Uğur Meleke ‘nin Hürriyet gazetesindeki yazısı ise şu şekilde:
“Geçtiğimiz hafta Beşiktaş’ın Avcı ve yalçın dönemi arasındaki net farkı dile getirmiştim: Sergen Yalçın’ın gelişiyle topla oynama ortalaması %56’dan 67’ye, maç başına şut 13’ten 18’e çıkmış durumda.
Bugün daha spesifik bir kıyas yapma imkanımız var: İlk devredeki Rize-Antep-Başakşehir-Trabzon-Alanya maçlarının dördünde Beşiktaş, rakibinden daha az şut atmış. Şut sayısında sadece Rize’yi geçebilmiş. Ligin ikinci yarısındaysa bambaşka bir görüntü var. İlk devredeki maçta Alanya’ya karşı şutlarda 14-7 geride olan siyah beyazlılar, dün 18’e 8 üstünlük kurdular mesela.
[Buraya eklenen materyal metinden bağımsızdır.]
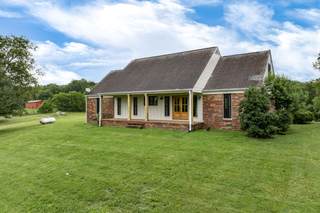 MLS# 2931897 - 8025 Dry Creek Rd in none in Mount Pleasant Tennessee 38474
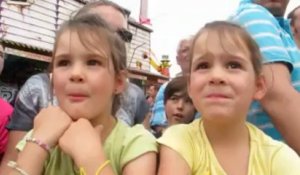 Deux fillettes commentent le carnaval de Cambrai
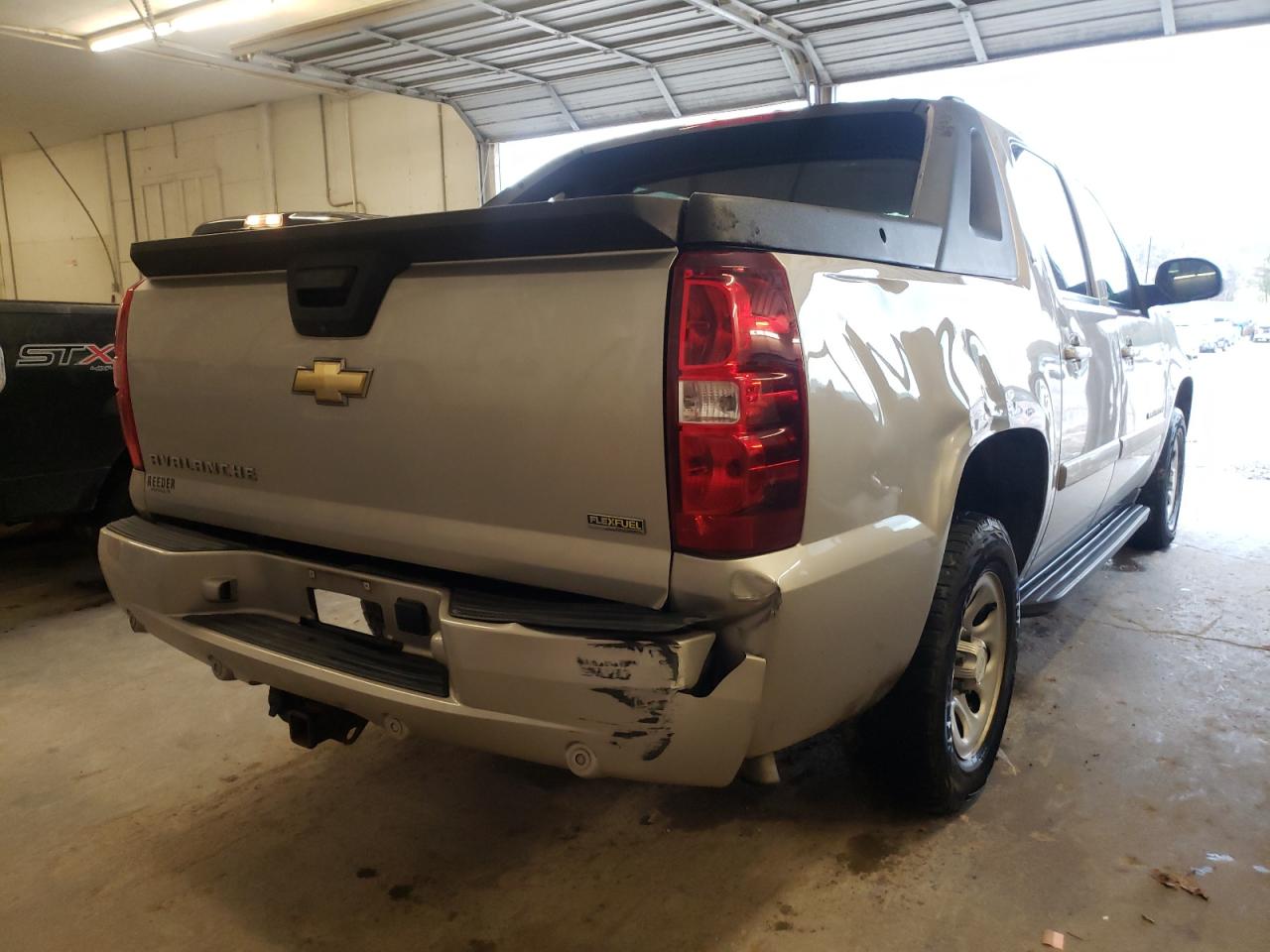 Photo 9 from auction – 2009 CHEVROLET AVALANCHE with VIN 3GNEC22079G171530
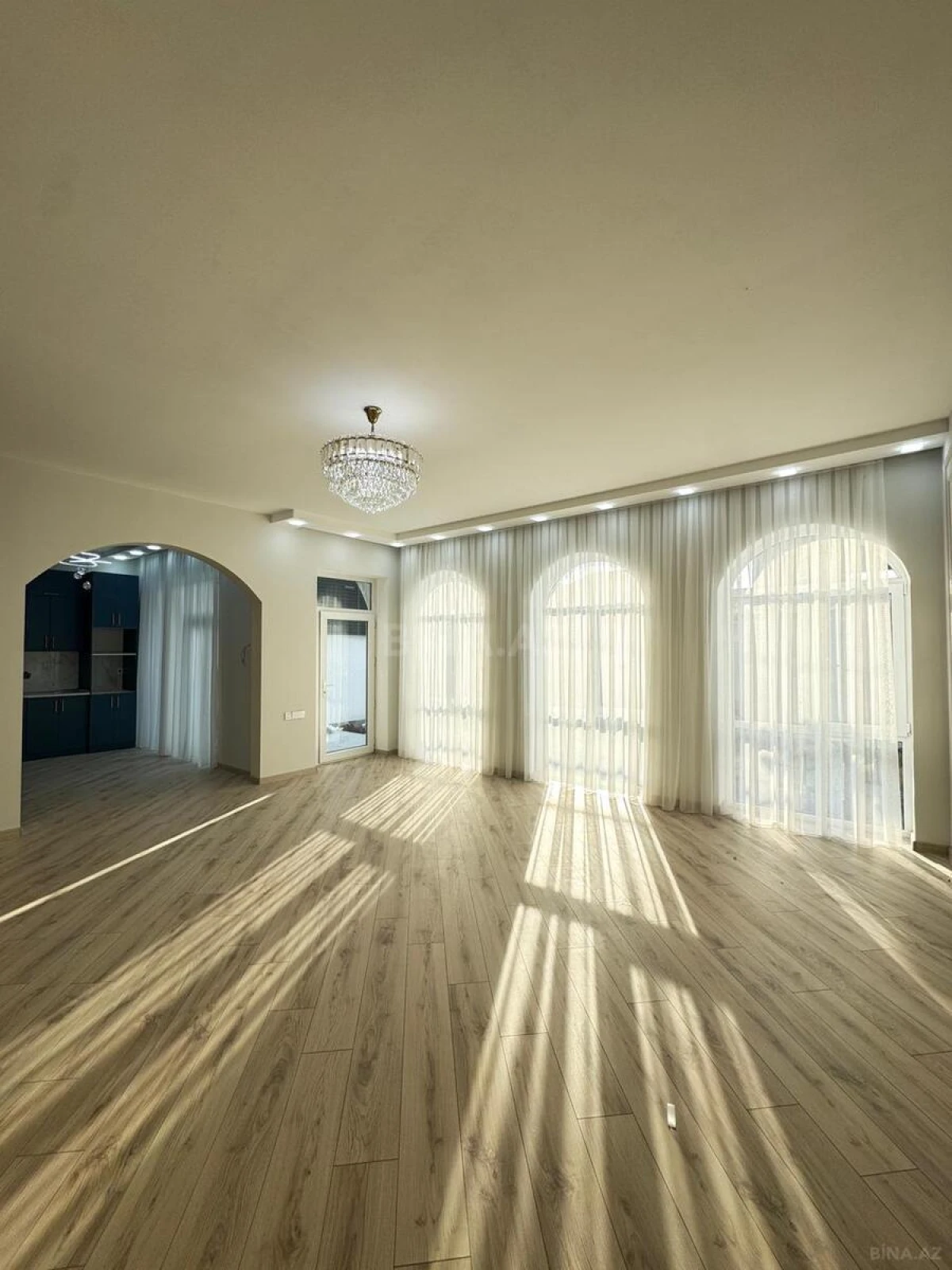 Satılır 4 otaqlı həyət evi 170 m²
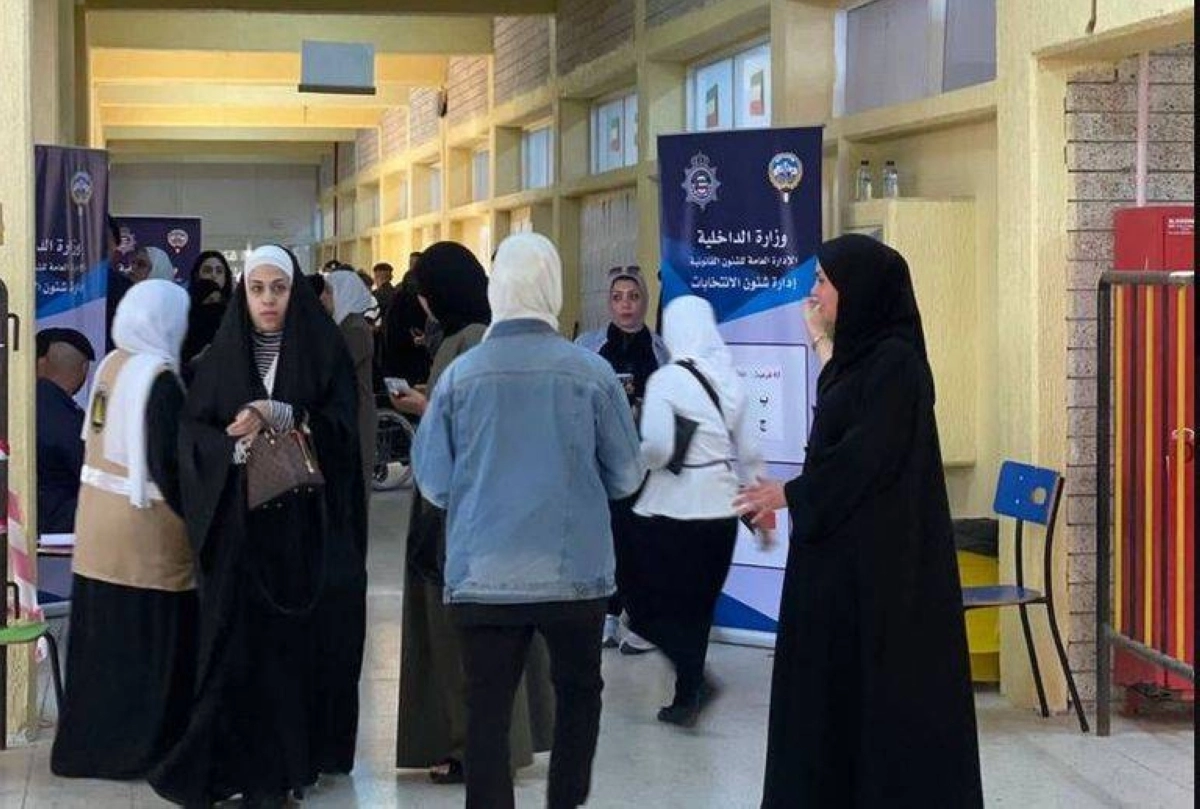 

جانب من الانتخابات الكويتية                                                              (مكة)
Trabzon’a karşı da 29 şut ve ceza alanında 52 dokunma ile iki kategoride de sezon rekoru kırmışlardı. Yani Sergen Yalçın’la değişim net: Daha fazla arayan, deneyen, iştahlı-cesur bir Beşiktaş var artık sahada.”
“Ancak aynen Başakşehir ve Trabzon maçlarındaki gibi dün de ilk 85 dakikada Beşiktaş’ın temel eksiği ‘bitiricilik’ti yine. Burak’la, Boyd’la, Atiba’yla, Vida’yla net pozisyonlar yakaladılar ama o sihirli vuruşu yapamadılar penaltıya kadar. Bu noktada Sergen Yalçın’ın ‘futbolcuya vuruş öğretemezsiniz’ açıklamasına tam olarak katılmadığımı belirtmek zorundayım. Elbette futbolda yetenek, bir numaralı faktör. Bir futbolcuya doğuştan sahip olmadığı bazı yetenekleri sonradan enjekte etmeniz mümkün değil.
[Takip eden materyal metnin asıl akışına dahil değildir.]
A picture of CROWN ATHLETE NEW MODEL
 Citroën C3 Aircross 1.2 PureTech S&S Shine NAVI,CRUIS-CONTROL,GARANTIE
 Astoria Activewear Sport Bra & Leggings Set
Ancak sporda birçok özellik çok tekrarla kazanılır, buna da ‘meleke’ denir. Sergen Yalçın özel yeteneği nedeniyle hiç frikik çalışmamış olabilir ama bir başka sporcu her gün idmanda 100 serbest atış kullanarak alışkanlık kesbeder, kas hafızası oluşturur, yani meleke kazanabilir. Elbette Sergen Yalçın, takımın bu sorununu 1 ayda halledemez ama Boyd’un, Güven’in, N’Koudou’nun hiç gelişmediğini görünce sezon başından beri çalışma konusunda bir eksiklik olduğu ortada.”